Neuroendocrine Tumors: Etiology, Diagnosis, and Therapy

Dear Colleagues,

Neuroendocrine neoplasms (NENs) are rare and heterogeneous tumors whose incidence has increased in recent years due to better disease knowledge and improvements in diagnostic tools, particularly endoscopy and nuclear medicine. They frequently arise from the gastro–enteropancreatic (GEP) tract, representing approximately 2% of all malignant tumors of the GEP system.

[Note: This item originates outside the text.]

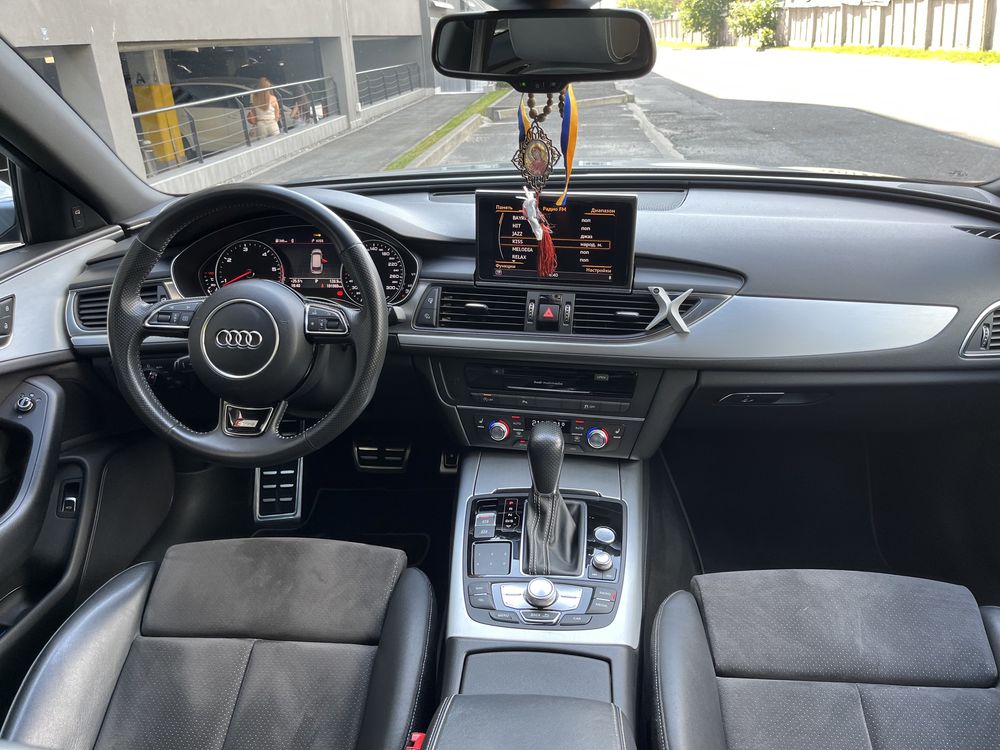 Ауді А 6 Avant-S-Line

Given their rarity and clinical and biological heterogeneity, there is an urgent need for standardized guidelines for the proper management of these neoplasms, which should always be referred to tertiary referral centers. Novel research strategies are needed to better define diagnostic and therapeutic algorithms, particularly for some specific subgroup of poorly known tumors, including duodenal NENs and functioning tumors. The cooperation between referral centers and the creation of international disease registries should be encouraged to better understand the biology and the natural history of these neoplasms and to consequently improve their management.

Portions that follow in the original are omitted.